Copy module optimization

I note that the copy module copies the file in all cases, then replaces it, and notifies, only if it’s changed. This moves a lot of bits that don’t need to be moved. I saw a few posts about this, but only a few.

I was thinking of an optimization where copy would arrive on the new system with the pathname, ownership, mode and md5 of the file, as well as a URL of where to get the file if what it finds does not match.

Does anybody think this is a good idea?

Other questions:

  • what sort of transport should be used when the client pulls the file? http? https? git? Others?
  • how do we keep unauthorized systems out of the repo?

Discussion?

Thanks,

Ed Greenberg

I was thinking of an optimization where copy would arrive on the new system with the pathname, ownership, mode and md5 of the file, as well as a URL of where to get the file if what it finds does not match.

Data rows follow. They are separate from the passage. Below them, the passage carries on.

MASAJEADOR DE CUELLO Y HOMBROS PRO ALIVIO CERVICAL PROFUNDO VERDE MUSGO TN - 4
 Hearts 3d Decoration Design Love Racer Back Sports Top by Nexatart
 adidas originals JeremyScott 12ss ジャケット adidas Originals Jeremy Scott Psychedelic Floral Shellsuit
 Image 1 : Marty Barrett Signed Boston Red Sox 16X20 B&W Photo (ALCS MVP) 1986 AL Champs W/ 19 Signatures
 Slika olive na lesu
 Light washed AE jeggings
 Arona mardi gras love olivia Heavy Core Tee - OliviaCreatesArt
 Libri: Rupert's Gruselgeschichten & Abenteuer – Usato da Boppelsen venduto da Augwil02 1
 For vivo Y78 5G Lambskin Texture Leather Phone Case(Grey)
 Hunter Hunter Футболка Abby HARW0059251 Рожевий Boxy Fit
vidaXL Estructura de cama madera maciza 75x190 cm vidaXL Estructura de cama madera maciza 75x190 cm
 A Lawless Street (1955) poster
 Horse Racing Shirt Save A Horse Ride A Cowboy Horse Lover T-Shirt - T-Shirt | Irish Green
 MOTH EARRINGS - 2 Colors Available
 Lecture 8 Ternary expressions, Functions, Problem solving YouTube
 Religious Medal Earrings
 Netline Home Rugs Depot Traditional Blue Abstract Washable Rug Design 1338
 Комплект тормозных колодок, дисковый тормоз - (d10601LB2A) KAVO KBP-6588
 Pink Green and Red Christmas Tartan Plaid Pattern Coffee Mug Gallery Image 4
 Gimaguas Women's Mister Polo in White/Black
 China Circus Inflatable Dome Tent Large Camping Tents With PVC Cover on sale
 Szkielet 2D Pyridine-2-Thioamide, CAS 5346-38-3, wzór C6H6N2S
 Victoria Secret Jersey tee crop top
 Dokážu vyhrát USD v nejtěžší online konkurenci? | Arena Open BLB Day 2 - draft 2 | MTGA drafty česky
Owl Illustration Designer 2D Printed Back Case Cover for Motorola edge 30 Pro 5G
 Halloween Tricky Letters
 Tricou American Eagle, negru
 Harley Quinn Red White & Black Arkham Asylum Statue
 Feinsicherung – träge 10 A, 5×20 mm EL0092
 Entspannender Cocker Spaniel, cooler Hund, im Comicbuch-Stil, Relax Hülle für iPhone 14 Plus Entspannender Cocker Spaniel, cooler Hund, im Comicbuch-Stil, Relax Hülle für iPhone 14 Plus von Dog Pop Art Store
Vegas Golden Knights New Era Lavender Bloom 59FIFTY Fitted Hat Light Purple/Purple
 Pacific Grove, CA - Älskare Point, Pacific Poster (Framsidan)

URL and such is not necessary. As previously discussed, what needs to be done is the copy code needs to take a remote md5 before deciding to copy, and the actual copy module code can go away.

This will need to wait for 0.6 as it is past the feature cutoff for 0.5, but is still pretty simple.

Does anybody think this is a good idea?

Other questions:

- what sort of transport should be used when the client pulls the file? http? https? git? Others?

We should do nothing other than ssh initially, which is just a change to the execute_copy_module code followed up by a truncation of the library/copy module.

(There is already a git module if people want to do git checkouts)

The fileserver idea has been discussed but the remote md5 optimization needs to happen first.

--Michael

Hi Michael,

Thanks for the quick response. I did some searching for a discussion of this but did not find much at all. I searched for “copy module.”

Best,
Ed